**TASK DETAILS**
Could you retype all of the entries exactly, without their pictures?

[Short descriptive text snippets]
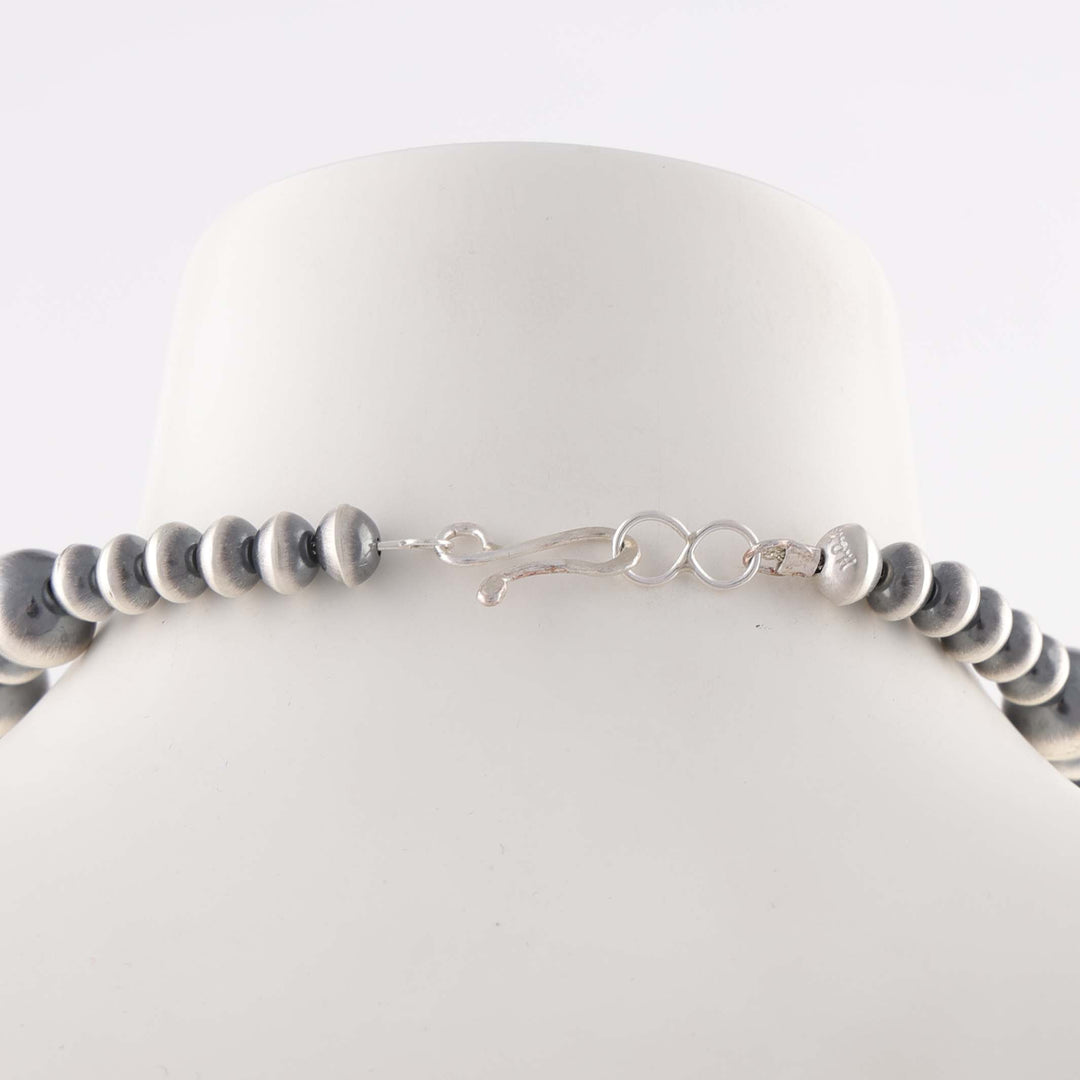 Navajo Pearl Necklace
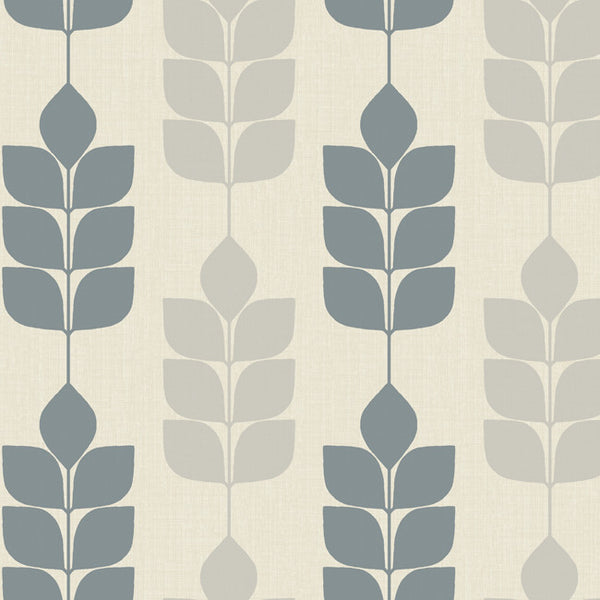 York ND7037 Candice Olson Inspired Elegance Modern Petals Wallpaper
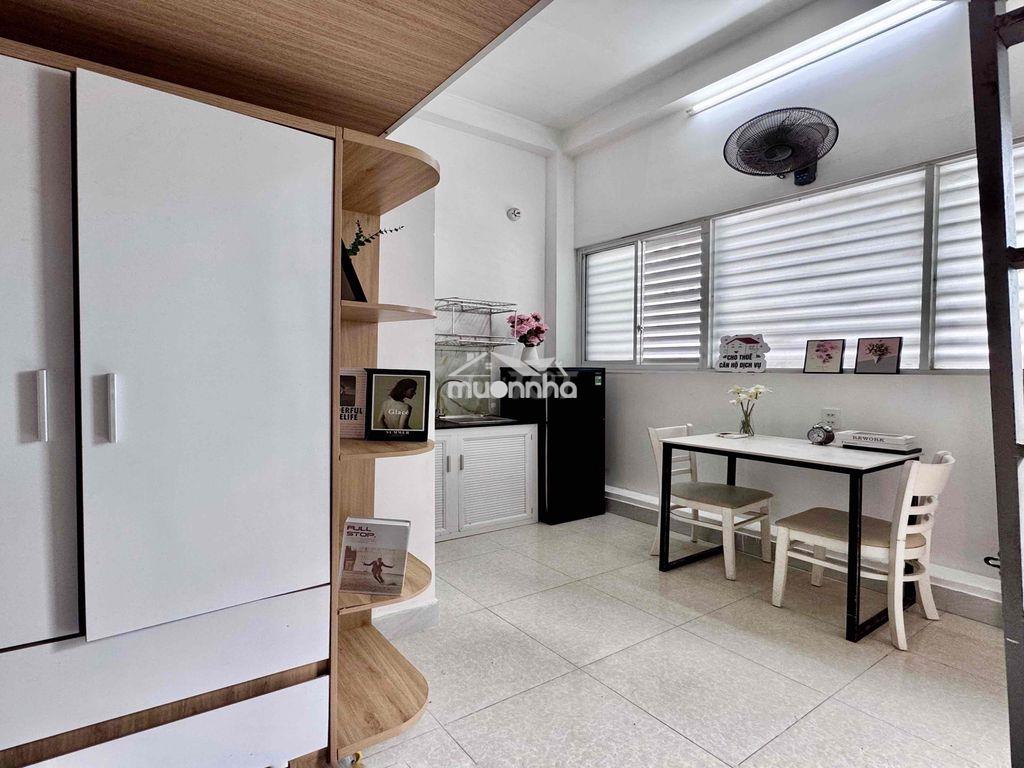 Duplex full nội thất giá rẻ khu emart phan huy ích , gò vấp - tân bình - 4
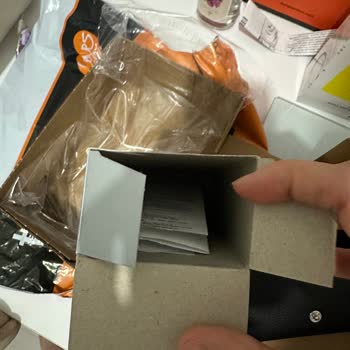 Gözlük Siparişimde Eksik Ürün Ve Çözülmeyen Mağduriyet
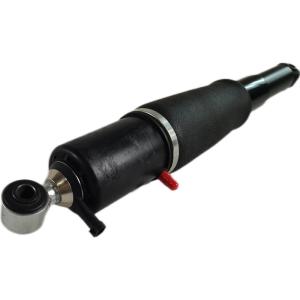 China Gas - Filled Rear Air Suspension Strut Shocks Absorber For GMC Cadillac Escalade Chevy 25979393 factory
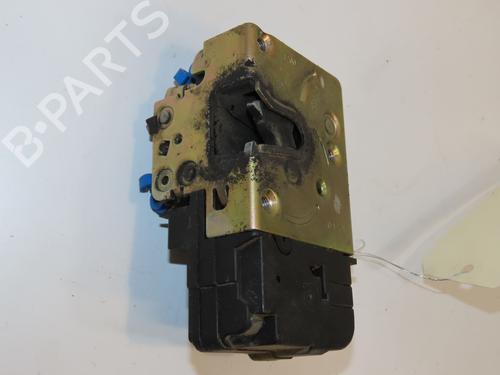 Used Front left lock Front left lock CITROËN BERLINGO / BERLINGO FIRST Box Body/MPV (M_) 1.9 D 70 (MBWJZ, MCWJZ) (69 hp) 33059435 33059435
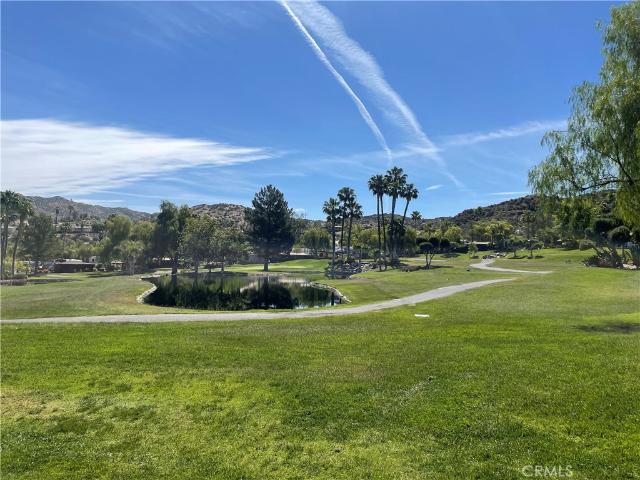 Land for sale in Aguanga, California
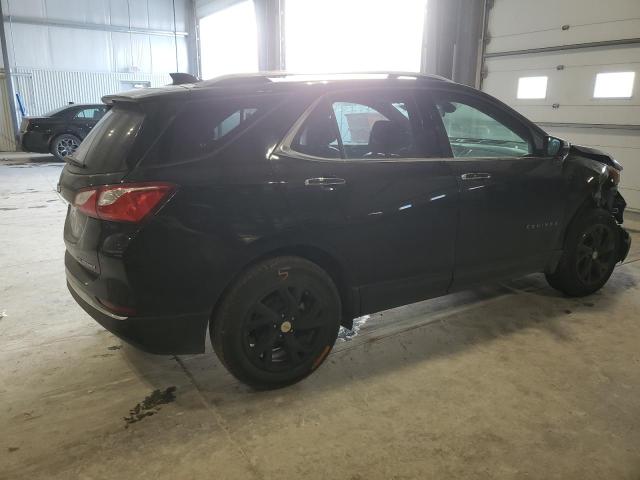 Photo 3 from auction – 2021 CHEVROLET EQUINOX PR with VIN 2GNAXXEV4M6105433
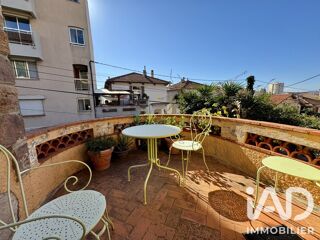 Vente Maison Vente Maison/villa 5 pièces Saint-raphaël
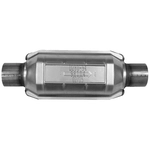 Order AP EXHAUST - 98104 - Universal Catalytic Converter For Your Vehicle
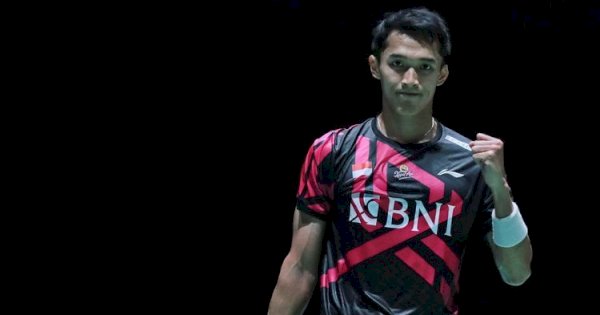 Ini Link Streaming Final Japan Open 2023: Mampukah Jojo Tumbangkan &#8216;Alien&#8217;?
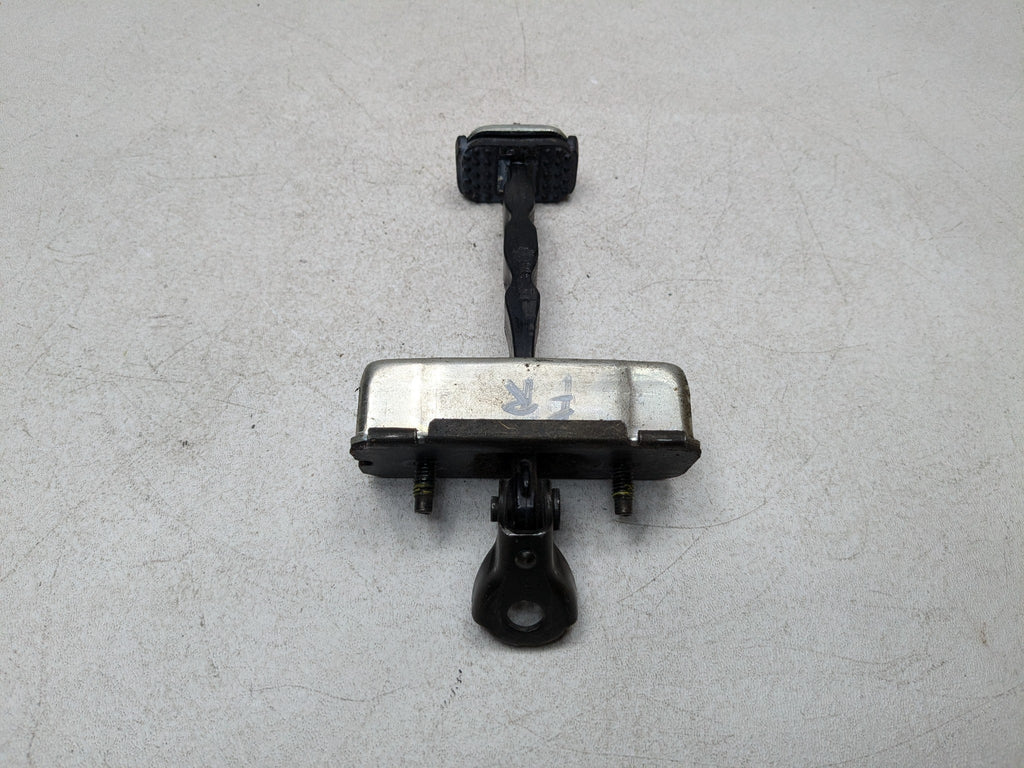 2004 - 2008 ACURA TSX OEM DOOR CHECK HINGE STRAP STOP STOPPER FRONT RIGHT SIDE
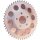 SPROCKET 46T DISH 86-99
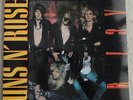 GUNS N ROSES - DR. LOVE - Double LP LIVE - TOASTED - No TMOQ-TAKRL - RARE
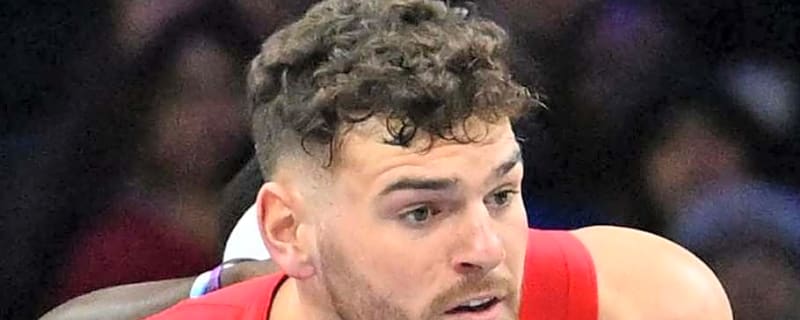 Donovan Clingan 'Taking a Major Step' For Blazers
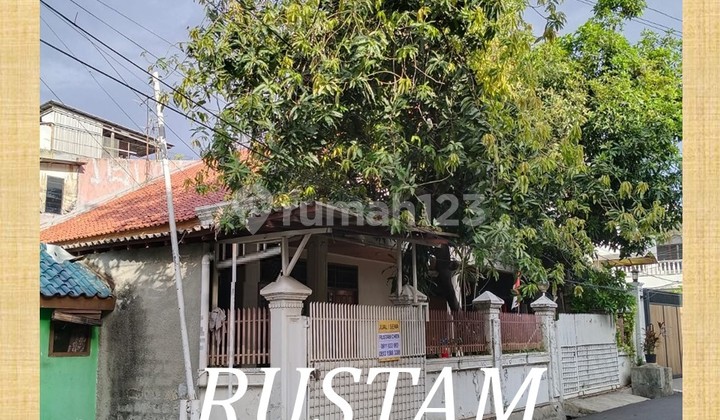 Disewakan Cepat Rumah Kosambi Tomang Raya Harga Nego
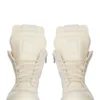 RICK OWENS – ZAPATOS RU02E1801LCO-111 RICK OWENS – ZAPATOS RU02E1801LCO-111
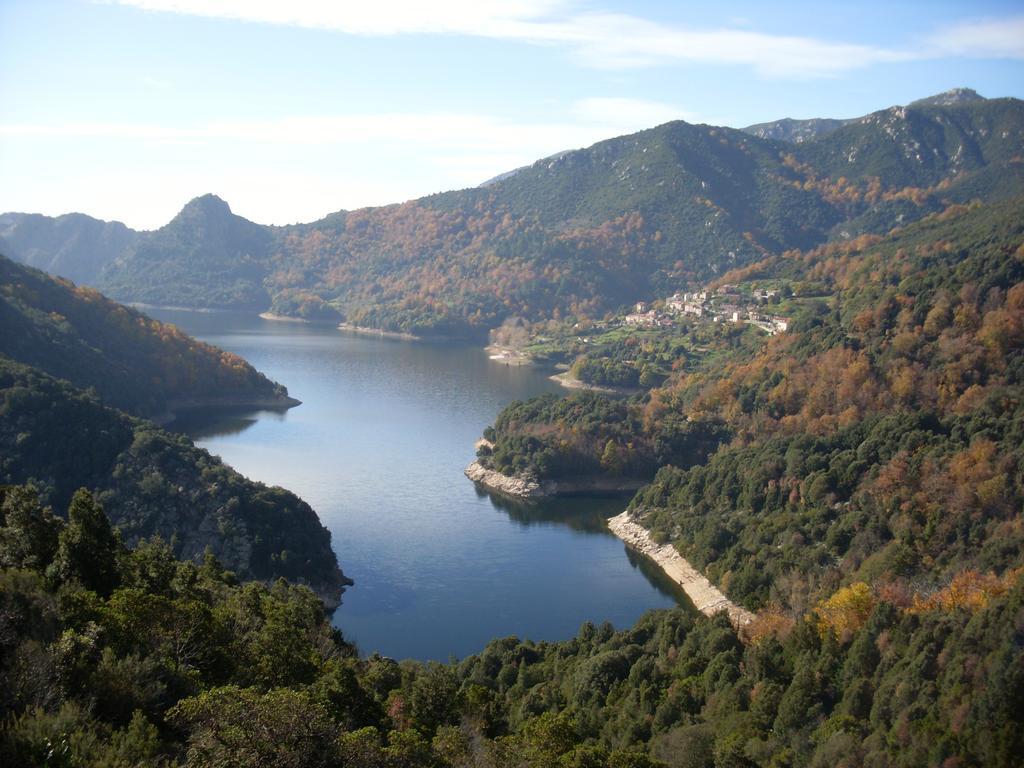 Cote Lac Tolla Bilik gambar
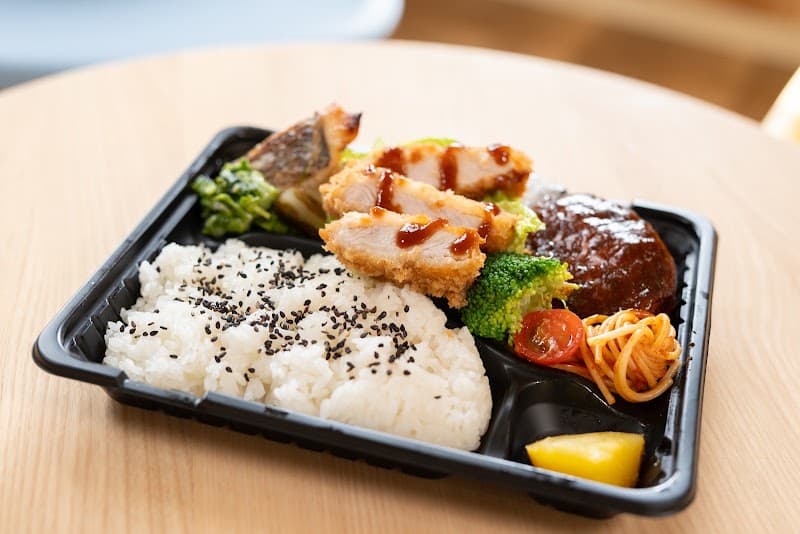 ビストロ・ラ・ポルト・アミの店内・料理の写真 2枚目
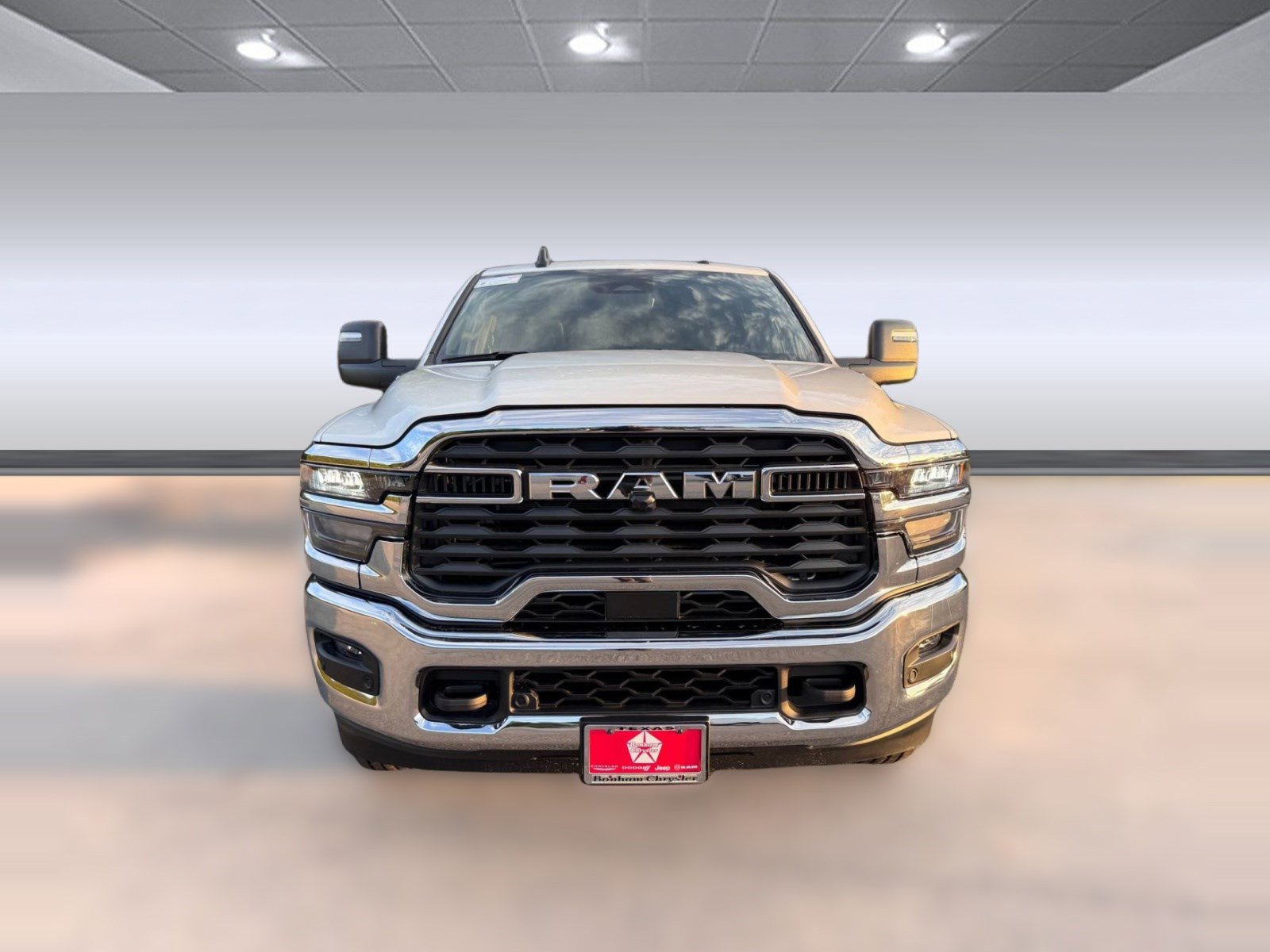 New 2025 RAM 2500 Tradesman image 6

**SOLVED PROBLEM**
 Navajo Pearl Necklace
 York ND7037 Candice Olson Inspired Elegance Modern Petals Wallpaper
 Duplex full nội thất giá rẻ khu emart phan huy ích , gò vấp - tân bình - 4
 Gözlük Siparişimde Eksik Ürün Ve Çözülmeyen Mağduriyet
 China Gas - Filled Rear Air Suspension Strut Shocks Absorber For GMC Cadillac Escalade Chevy 25979393 factory
 Used Front left lock Front left lock CITROËN BERLINGO / BERLINGO FIRST Box Body/MPV (M_) 1.9 D 70 (MBWJZ, MCWJZ) (69 hp) 33059435 33059435
 Land for sale in Aguanga, California
 Photo 3 from auction – 2021 CHEVROLET EQUINOX PR with VIN 2GNAXXEV4M6105433
 Vente Maison Vente Maison/villa 5 pièces Saint-raphaël
 Order AP EXHAUST - 98104 - Universal Catalytic Converter For Your Vehicle
 Ini Link Streaming Final Japan Open 2023: Mampukah Jojo Tumbangkan &#8216;Alien&#8217;?
 2004 - 2008 ACURA TSX OEM DOOR CHECK HINGE STRAP STOP STOPPER FRONT RIGHT SIDE
 SPROCKET 46T DISH 86-99
 GUNS N ROSES - DR. LOVE - Double LP LIVE - TOASTED - No TMOQ-TAKRL - RARE
 Donovan Clingan 'Taking a Major Step' For Blazers
 Disewakan Cepat Rumah Kosambi Tomang Raya Harga Nego
 RICK OWENS – ZAPATOS RU02E1801LCO-111 RICK OWENS – ZAPATOS RU02E1801LCO-111
 Cote Lac Tolla Bilik gambar
 ビストロ・ラ・ポルト・アミの店内・料理の写真 2枚目
 New 2025 RAM 2500 Tradesman image 6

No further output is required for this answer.